Распространенное в американской историографии мнение гласит, что в период между двумя мировыми войнами «нить исторической наивности пронизывает все, что делалось американцами»{395}. Применительно к политике страны — экономического гегемона, сосредоточившего у себя почти половину мирового промышленного производства и потребления, — эта оценка представляется, по меньшей, мере чрезмерной. По той простой причине, что американская причастность и, в конечном счете, прямое участие в мировых войнах прошлого столетия были запрограммированы всем ходом исторического развития. Конфликтное развитие международных отношений между двумя мировыми войнами не оставляло места для американского простодушия. По свидетельству министра внутренних дел Г. Икеса, оставившего после себя подробные «секретные» дневниковые записи, уже на втором заседании кабинета новый американский президент Ф. Рузвельт, вступивший в свою должность в начале 1933 г., говорил о возможности войны с Японией{396}.

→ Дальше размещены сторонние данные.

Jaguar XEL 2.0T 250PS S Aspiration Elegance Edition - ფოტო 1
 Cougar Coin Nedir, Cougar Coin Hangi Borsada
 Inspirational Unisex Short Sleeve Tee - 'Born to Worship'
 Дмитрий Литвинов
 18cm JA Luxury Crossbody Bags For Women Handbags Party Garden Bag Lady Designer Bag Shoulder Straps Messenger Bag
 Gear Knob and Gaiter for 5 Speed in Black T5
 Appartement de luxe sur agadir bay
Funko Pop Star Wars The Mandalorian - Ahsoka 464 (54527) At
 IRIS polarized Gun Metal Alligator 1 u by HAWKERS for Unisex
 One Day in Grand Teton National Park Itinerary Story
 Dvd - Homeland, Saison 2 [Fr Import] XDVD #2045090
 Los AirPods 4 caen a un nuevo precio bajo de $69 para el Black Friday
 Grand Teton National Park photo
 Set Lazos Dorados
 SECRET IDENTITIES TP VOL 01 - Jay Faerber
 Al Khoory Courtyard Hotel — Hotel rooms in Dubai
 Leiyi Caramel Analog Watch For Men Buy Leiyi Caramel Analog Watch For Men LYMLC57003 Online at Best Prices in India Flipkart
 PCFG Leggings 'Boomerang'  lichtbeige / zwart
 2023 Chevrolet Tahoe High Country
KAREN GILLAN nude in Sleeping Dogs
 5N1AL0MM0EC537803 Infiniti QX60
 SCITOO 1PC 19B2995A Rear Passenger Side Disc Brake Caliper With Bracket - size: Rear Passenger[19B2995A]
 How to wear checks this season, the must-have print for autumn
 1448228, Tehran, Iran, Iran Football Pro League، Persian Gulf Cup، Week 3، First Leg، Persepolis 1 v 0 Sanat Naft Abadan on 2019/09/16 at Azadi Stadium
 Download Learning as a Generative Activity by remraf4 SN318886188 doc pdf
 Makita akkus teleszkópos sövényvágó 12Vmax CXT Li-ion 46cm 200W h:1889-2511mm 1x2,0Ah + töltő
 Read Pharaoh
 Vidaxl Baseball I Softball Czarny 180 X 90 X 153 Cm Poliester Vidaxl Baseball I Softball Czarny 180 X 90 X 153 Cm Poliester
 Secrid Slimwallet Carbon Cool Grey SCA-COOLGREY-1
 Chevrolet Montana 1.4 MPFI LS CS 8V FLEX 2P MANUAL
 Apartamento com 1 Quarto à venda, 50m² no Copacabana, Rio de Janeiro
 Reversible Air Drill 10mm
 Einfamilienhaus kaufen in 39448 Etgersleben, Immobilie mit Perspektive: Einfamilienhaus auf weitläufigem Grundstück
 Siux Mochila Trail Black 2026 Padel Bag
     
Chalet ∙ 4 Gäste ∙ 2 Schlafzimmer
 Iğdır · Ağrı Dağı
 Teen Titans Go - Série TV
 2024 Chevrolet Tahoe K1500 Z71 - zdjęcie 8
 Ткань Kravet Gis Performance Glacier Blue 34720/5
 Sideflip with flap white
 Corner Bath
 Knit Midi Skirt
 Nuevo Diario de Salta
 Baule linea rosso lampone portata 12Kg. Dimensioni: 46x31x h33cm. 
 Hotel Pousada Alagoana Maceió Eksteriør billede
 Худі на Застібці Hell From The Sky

Некоторые основания для вывода об американской отрешенности от мировых дел дает то обстоятельство, что внутренние проблемы США почти всегда решительно преобладали над вопросами внешней политики. Они могли это себе позволить из-за своего уникального географического положения за двумя океанами и как самая самодостаточная страна. В президентских кампаниях 1930-х годов, несмотря на нарастание международной напряженности, вопросы внешней политики все еще играли второстепенную роль. Положение изменилось после начала Второй мировой войны, когда на выборах 1940 г. Ф. Рузвельт был переизбран президентом в третий раз подряд в условиях ускорившегося американского сползания к войне. Переизбран он был еще раз, в 1944 г., когда война продолжалась. Единственный случай в американской истории, после которого и был принят закон, по которому ни одно лицо не может баллотироваться в президенты США более двух раз.